Une ressource qui promet des profits juteux pour les entreprises. Uniquement pour Junex, les ressources récupérables pour l'ensemble de ses permis des basses terres — détenus en partie avec l'entreprise américaine Forest Oil — pourraient avoir une valeur marchande de plus de 15 milliards de dollars, au prix actuel du gaz, soit 4,25 $ le millier de pieds cubes. Un chiffre aussi appelé à gonfler: les prix avaient atteint 14 $ entre 2006 et 2008.
Le retrait de l'État
Mais même si les entreprises ayant acquis des permis d'exploration se sont multipliées au fil de la dernière décennie, l'État ne s'était pas complètement retiré du dossier jusqu'à tout récemment.
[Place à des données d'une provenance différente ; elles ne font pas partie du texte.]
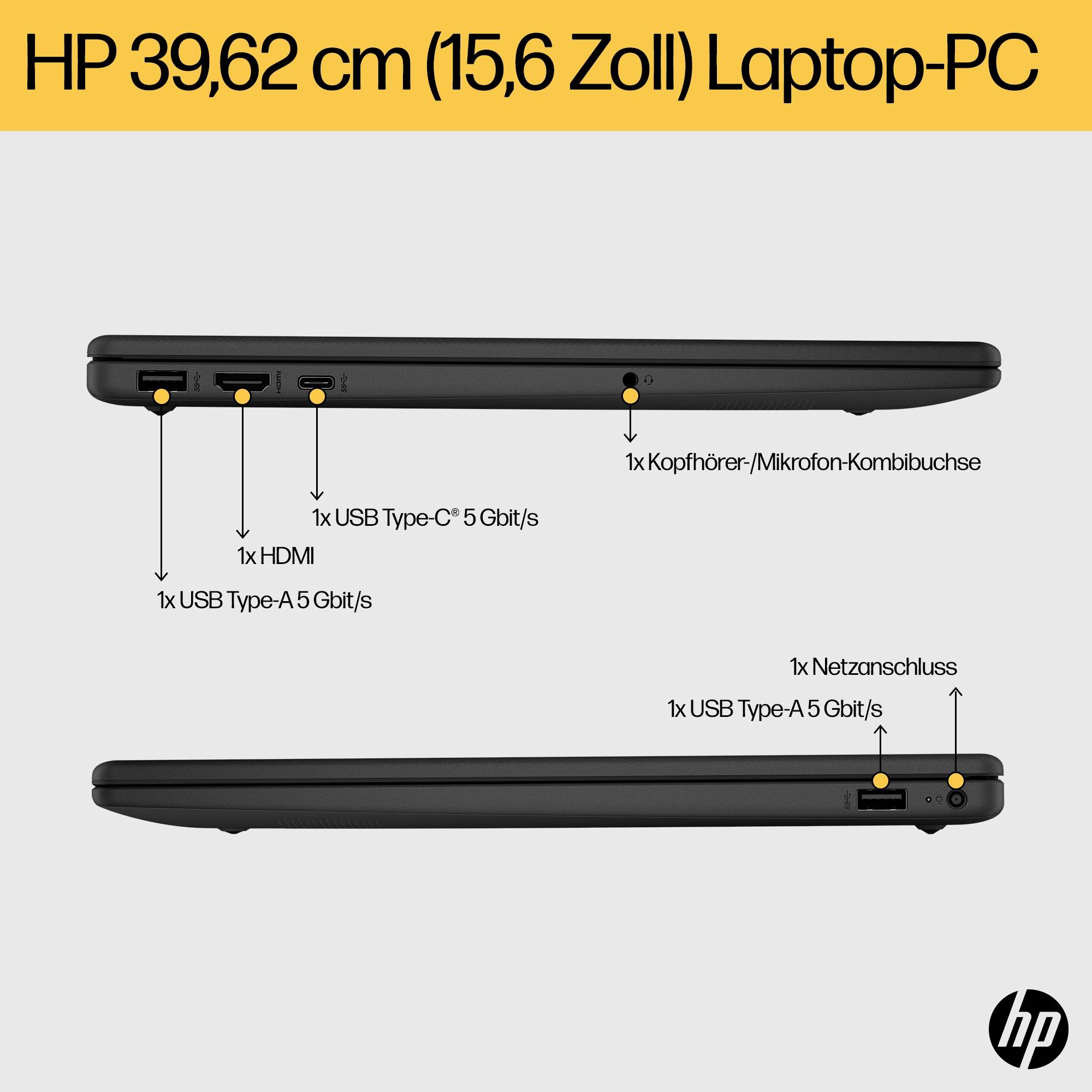 HP Laptop 15-fc0079ng 39.6 cm (15.6 inch) Full HDAMD Ryzen 75825U16 GB RAM512 GB SSD;German, QWERTZAMD;BlackBV8D6EA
Encore en 2005, le document de consultation sur «les objectifs et les orientations de la stratégie énergétique» produit par le MRNF stipulait qu'«Hydro-Québec Pétrole et gaz a reçu le mandat du gouvernement du Québec d'évaluer [le potentiel pétrolier et gazier] notamment en procédant à des levés géophysiques et à des forages». Mais cette division de la société d'État a depuis été abolie et plusieurs de ses employés, dont des géologues, travaillent aujourd'hui pour des entreprises actives dans l'exploration.
L'industrie, qui n'a visiblement pas à craindre une éventuelle nationalisation, fait désormais face à une vague de scepticisme grandissante.

L'APGQ a d'ailleurs dû avoir recours aux services du cabinet de relations publiques National pour gérer ses communications. Même le gouvernement Charest, qui promettait pour cet automne un projet de loi pour encadrer l'exploration et l'exploitation des hydrocarbures, a été forcé d'associer le Bureau d'audiences publiques sur l'environnement au dossier. Un exercice décrié pour l'étroitesse du mandat qui lui a été octroyé. Malgré cela, on prévoit une exploitation à grande échelle en 2014. Certains, dont Gaz Métro (lire l'entrevue de sa présidente en page B1), saluent déjà l'arrivée de ces ressources de gaz. On évoque même la possibilité d'en exporter une partie, peut-être par bateau. À partir du port méthanier de Rabaska?